Nobody does it better…
The end of the race for the next president of the United States approaches. This campaign certainly has not been boring and as we near the finish, the torque of political campaigning increases.
One site, in particular, from which you can view the colorful history of television campaign ads is http://www.4president.us/tv/tv1988.htm.
According to the Hulu Blog, President Lyndon Johnson ran the very first TV campaign attack ad. I am not sure if that is entirely accurate but the ad to which they refer, the “Daisy” ad, has an edge and a polish that must have set a new tone in political campaigning.
The “Daisy Ad” can be seen at http://blog.hulu.com/2008/10/25/historic-campaign-ads.
The Monday, November 3 issue of the New York Times had the following editorial on political smear campaigns. It’s all interesting stuff … if you can stomach it.
November 3, 2008
New York Times editorial
“The Soiled Envelope, Please”
There are no awards for the season’s slimiest political messages (Swift Boat statuettes?), but two deserve consideration in the character assassination category.
In the first, Republicans in Pennsylvania flooded 75,000 Jewish voters with an e-mail alarum from a retired Jewish judge equating a vote for Barack Obama with the “tragic mistake” of Jews who ignored the warning signs of the Holocaust. Quick apologies and retractions were offered once this surfaced in the press, but too late for the unspeakable to be spiked.
In the second, the campaign of Senator Elizabeth Dole of North Carolina, who is in a very tight race, broadcast her desperation by attacking her opponent, State Senator Kay Hagan, for accepting “godless money” at a “secret” fund-raiser whose hosts included a leader of a secularist group.
At the end, the TV screen fills with a shadowy photo of Ms. Hagan, an elder at her Christian church, as a female voice fairly shrieks: “There is no God!”
Then there is the fringe madness of “Letter from 2012 in Obama’s America” — an apocalyptic fiction making the rounds from the conservative Christian group Focus on the Family Action. It foresees an Obama incumbency marked by terrorist attacks on American cities, rampant crime as guns are confiscated, a nuclear attack on Israel and the Boy Scouts’ disbanding to avoid court-empowered gay leaders.

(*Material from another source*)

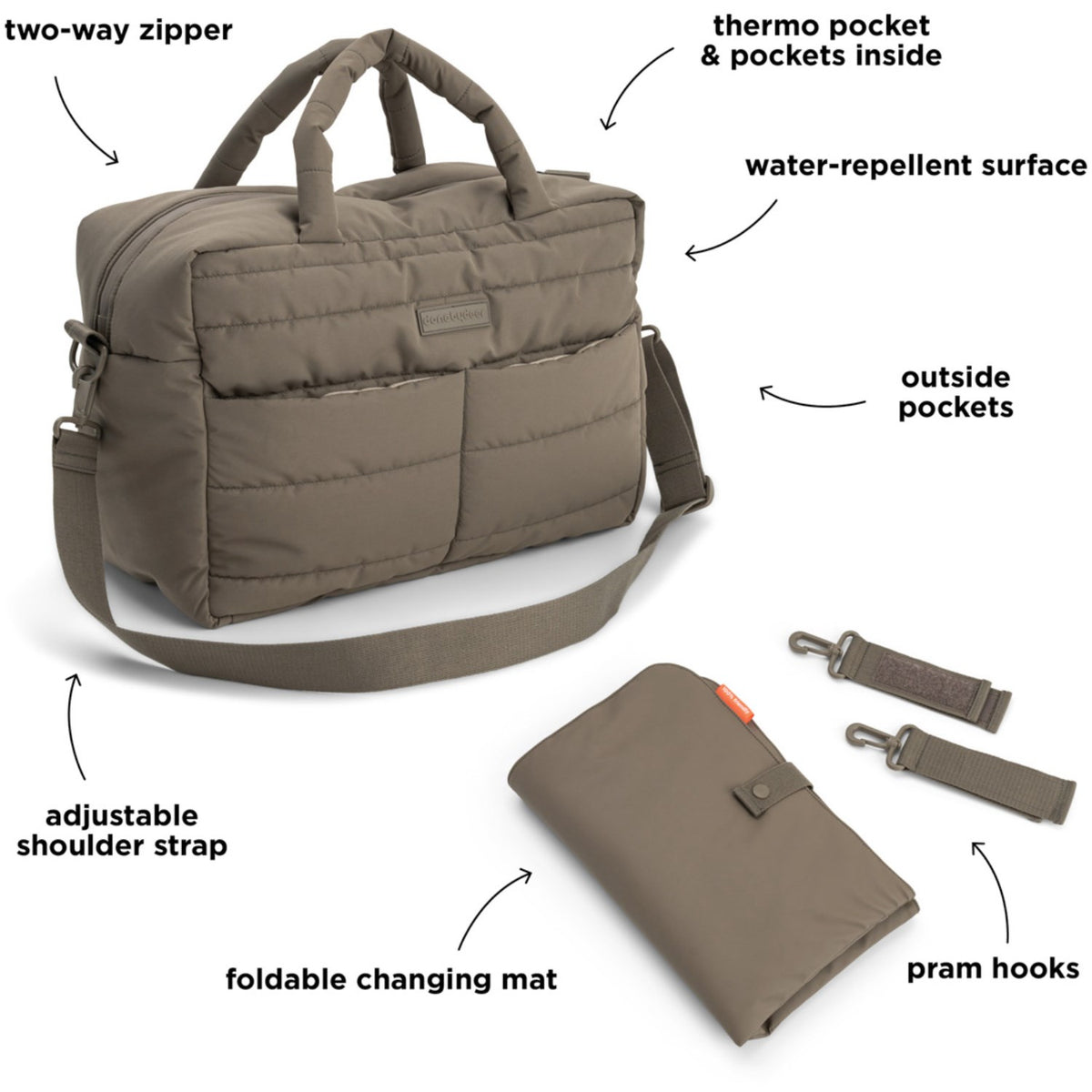 DonebyDeer Taupe Vattert Changing Veske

It seems just another straight-line for Jon Stewart until the nation remembers that the group’s leader is James Dobson. He is one of the most prominent leaders on the evangelical right, with an audience measured in the scores of millions.
The Democrats have their share of slimy ads, like one targeted at the elderly that falsely claims John McCain would cut Social Security benefits in half. We’re not excusing that ad or any other policy distortions. But frankly, it’s not even an also-ran compared with what the McCain campaign and its allies have been up to.
So I have to ask: Dear Reader, what do you think of the level of smear in the 2008 campaign?